Reduced certificate expirations also enhances the security of the internet as it reduces the window of opportunity for nefarious uses. It could possibly reduce their number of support calls from someone who's taken over from a previous admin and is now faced with an undocumented manual process to replace certs in a hurry as their website has an expired cert.

Personally, I don't see the problem with short expiry dates, though less than a month would be too short in my opinion.


A window of opportunity of 45 days is not significantly different from one of 90 or 365 days.
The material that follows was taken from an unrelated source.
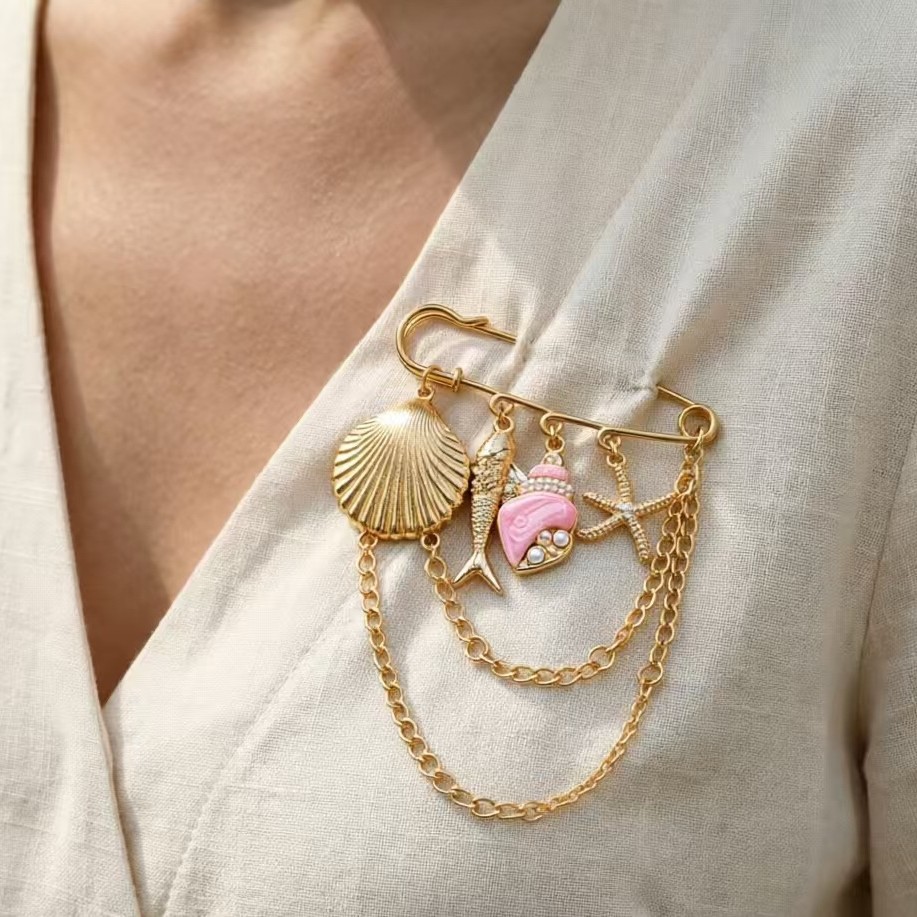 Beach Vacation Style Versatile Gentle Pink Shell Fish Starfish Long Brooch Multi-Layer Metal Chain Tassel Brooch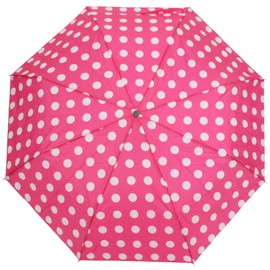 Drizzles Ladies Supermini Fashion Umbrella Pink White Spot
If it's the only protection you have from a leaked private key, then a while lot of people are gonna get MITMed.


The CAB (who are setting the TLS cert issuance rules) are optimising for their users' security.

Their users are "people using browsers", not "people asking for cert signatures".


But the argument I was replying to was saying that the main advantage of short expiration times is that it encourages companies to automate the process, which reduces the chance that the certificate is accidentally allowed to expire. This is not a security issue for anyone, least of all people using browsers.

Plus, this concept that short expiration times increase security is suspect at best. If the private key leaked, 45 days is far too long, you'd need to reduce this to hours to actually help as a revocation strategy. And even then, chances are that the new key will leak as well right away, as it's most likely that the key was stolen by some undetected malware. And if the key didn't leak, a two year old cert is just as secure as a two minute old one.


> This is not a security issue for anyone, least of all people using browsers.

I disagree. The smooth running and ease of automation of TLS certs benefits the entire ecosystem, including the end-users. Remember when the only sites that had TLS certs were the ones that could afford it?

> If the private key leaked, 45 days is far too long, you'd need to reduce this to hours to actually help as a revocation strategy.

This is a good example of the Nirvana Fallacy.

> And even then, chances are that the new key will leak as well right away, as it's most likely that the key was stolen by some undetected malware.

No certificate expiry control can protect against continuous, undetectable data exfiltration. Meanwhile, a one-time access that grants me the ability to impersonate you for 2 years is a significantly worse situation than one that only grants me that ability for a few weeks.